Abstract
To achieve the full therapeutic potential of implanted adipose stem cells (ASCs) in vivo, it is crucial to improve the viability and pro-angiogenic properties of the stem cells. Here, we first simulated the conditions of ischemia and hypoxia using the in vitro oxygen-glucose deprivation (OGD) model and confirmed that hypoxic preconditioning of ASCs could provide improved protection against OGD and enhance ASC viability. Second, we assessed the effect of hypoxic preconditioning on pro-angiogenic potential of ASCs, with a particular focus on the role of vascular endothelial growth factor-A (VEGF-A) and stromal derived factor-1a (SDF-1a) paracrine activity in mediating angiogenesis. We found that the conditioned medium of ASCs (ASCCM) with hypoxic preconditioning enhanced angiogenesis by a series of angiogenesis assay models in vivo and in vitro through the upregulation of and a synergistic effect between VEGF-A and SDF-1a. Finally, to investigate the possible downstream mechanisms of VEGF/VEGFR2 and SDF-1a/CXCR4 axes-driven angiogenesis, we evaluated relevant protein kinases involved the signal transduction pathway of angiogenesis and showed that VEGF/VEGFR2 and SDF-1a/CXCR4 axes may synergistically promote angiogenesis by activating Akt. Collectively, our findings demonstrate that hypoxic preconditioning may constitute a promising strategy to enhance cellular viability and angiogenesis of transplanted ASCs, therein improving the success rate of stem cell-based therapies in tissue engineering.
Highlights
Recent developments in stem cell-based therapy have received considerable attention and produced promising results for tissue repair and functional tissue reconstruction after trauma
Hypoxia Enhances the Viability of adipose stem cells (ASCs) Exposed to oxygenglucose deprivation (OGD)

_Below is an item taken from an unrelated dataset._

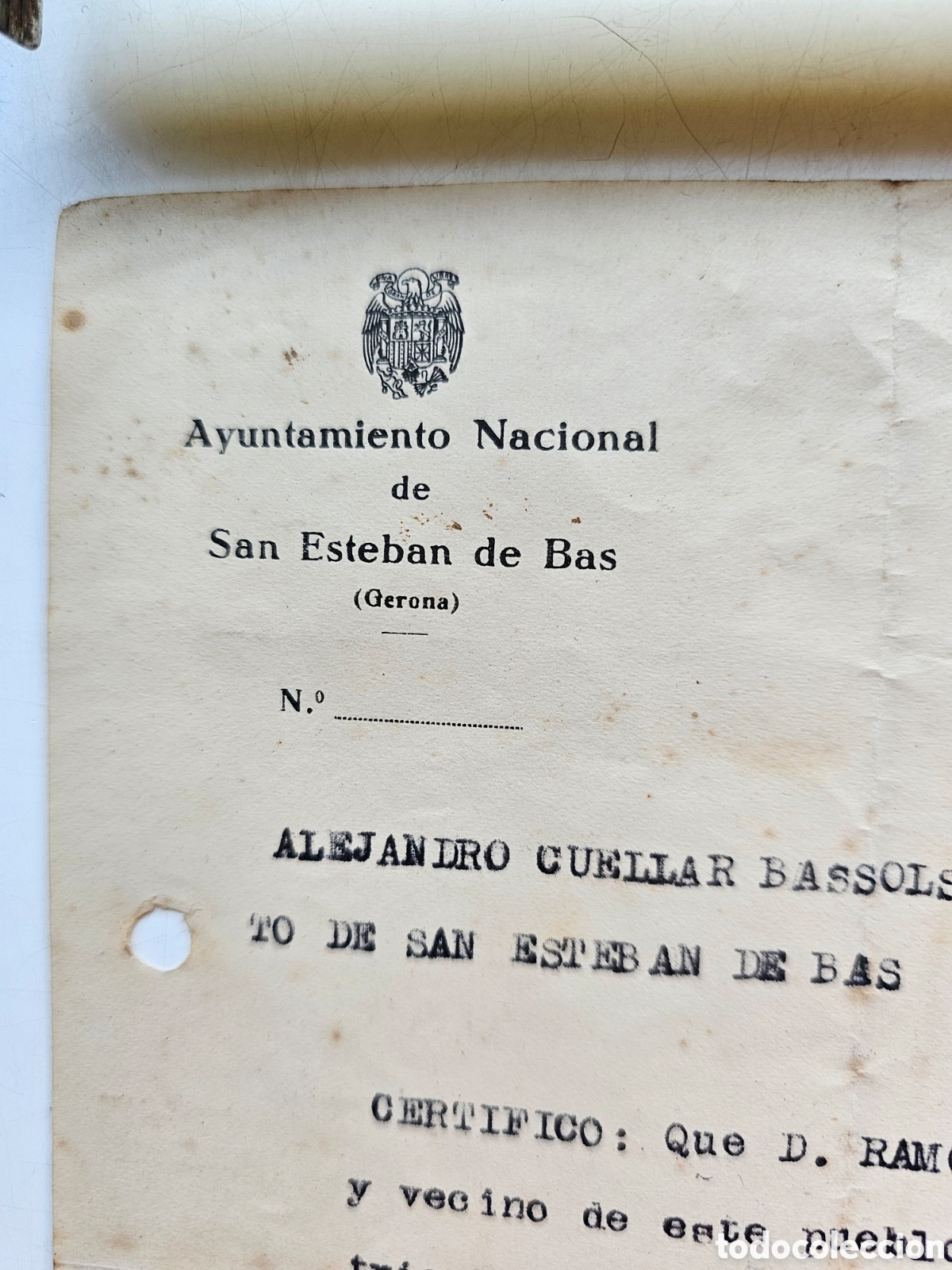 Documentos antiguos: Documento Abastecimiento de azucar, 1939, St Esteve den Bas, R. Puigvert - Foto 3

The caspase 3 activity assay showed that ASCs with hypoxic preconditioning(at 2% O2) were protected from OGD-induced cellular apoptosis (Figure 1E)
Summary
Recent developments in stem cell-based therapy have received considerable attention and produced promising results for tissue repair and functional tissue reconstruction after trauma. In the early days of tissue engineering, stem cells were used to promote tissue repair via migration to the damage sites and subsequent differentiation into tissue-specific cells (Hanson et al, 2010). This approach limited the potential benefits of stem cell-based therapy, because the viability of the implanted cells was strongly affected by microenvironment conditions in the implantation area. In the past few years, gene modification methods had been used to strengthen the original genotype Such approaches disrupt genome stability and can cause unpredictable gene mutations, which reduce their potential use in clinical applications on safety grounds (Guo, 2017). Nowadays, preconditioning (non-genetic methods), which improve the viability of and pro-angiogenic factor release by stem cells, attracts considerable attention and considered to be safe and efficient for clinical use (Paquet et al, 2015)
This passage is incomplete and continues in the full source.